The answer should hold only the lines from the beginning of the material through the one with "Bugs Bunny's face TBDBITL", reproduced exactly and without pictures.

> [Dataset records]
++++++++++

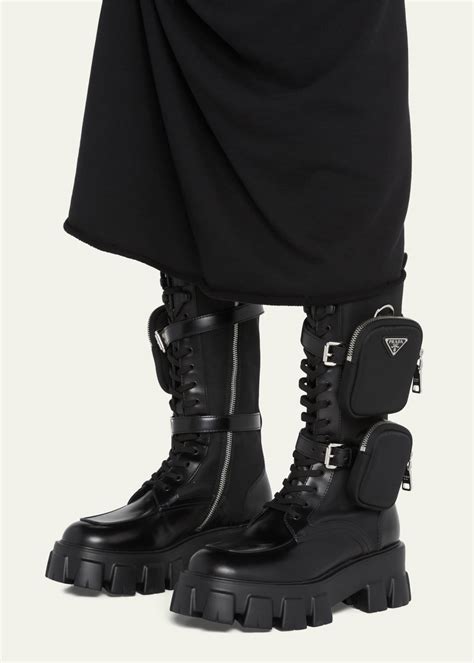 prada snowboot|prada combat boots with pouches.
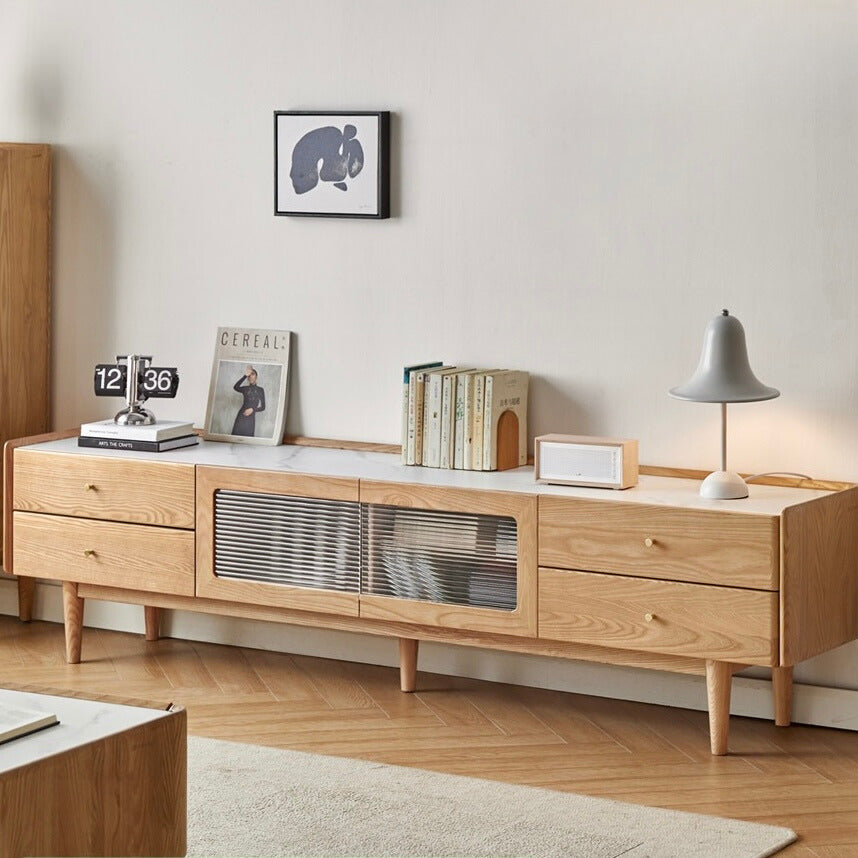 Ash Solid Wood TV Stand Rock Slab.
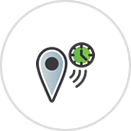Caregiver Check-In Icon with a Clock and Check-In Point.png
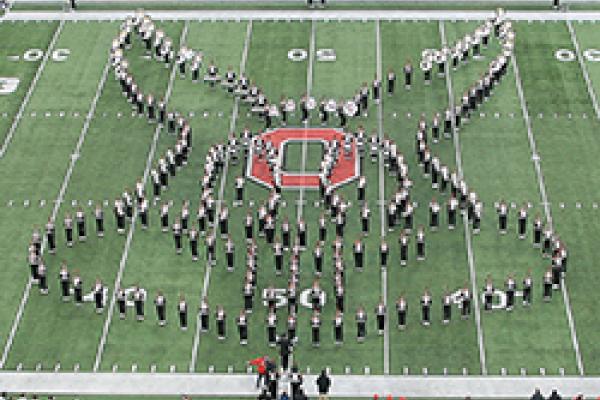 Bugs Bunny's face TBDBITL forms Bugs Bunny's face at halftime of the Penn State game on Nov. 23, 2019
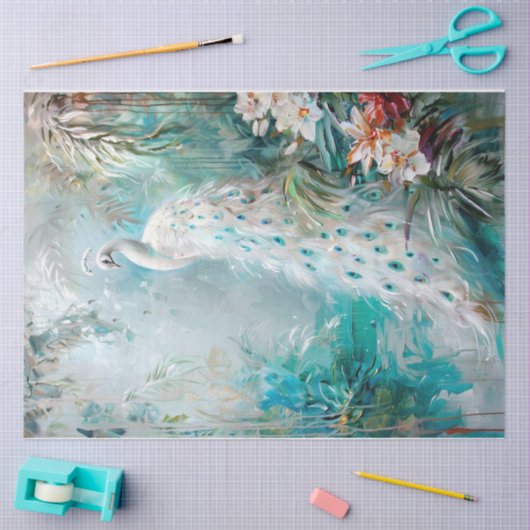 Springtime Peacock Seidenpapier (Basteln)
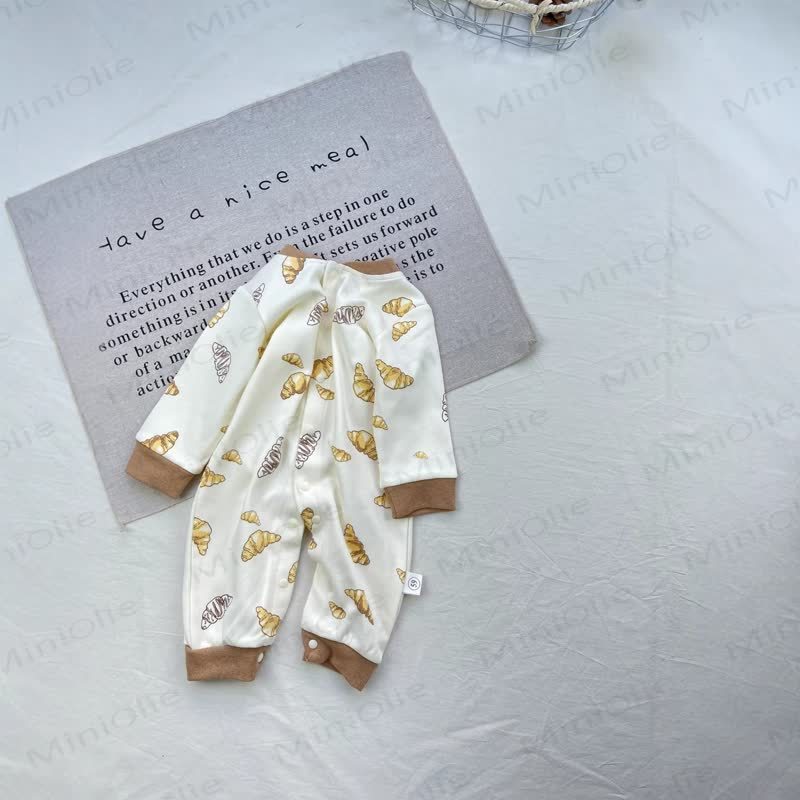 Baby Cotton Long Sleeve Romper - Beige - 12-18M - image 7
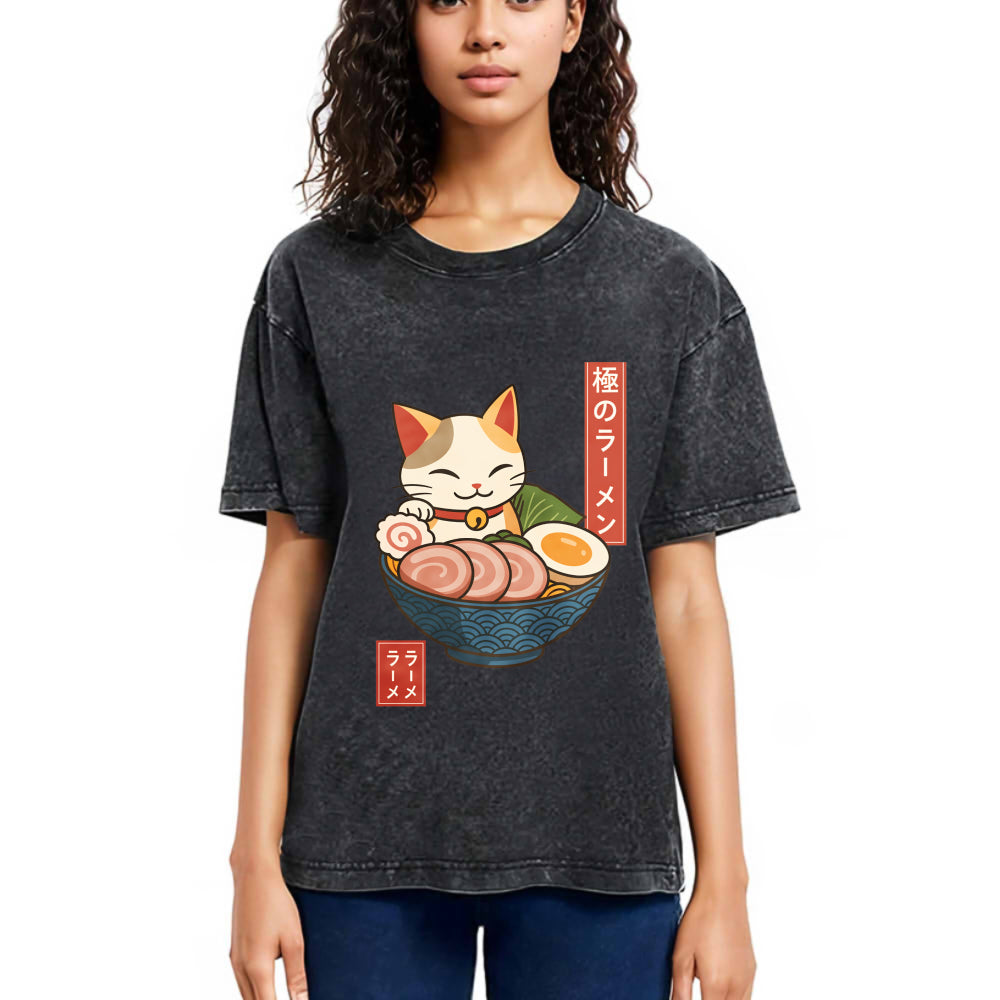Tokyosol Neko Ramen Washed T Shirt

++++++++++

> [Output for this exercise]
 prada snowboot|prada combat boots with pouches.
 Ash Solid Wood TV Stand Rock Slab.
Caregiver Check-In Icon with a Clock and Check-In Point.png
 Bugs Bunny's face TBDBITL forms Bugs Bunny's face at halftime of the Penn State game on Nov. 23, 2019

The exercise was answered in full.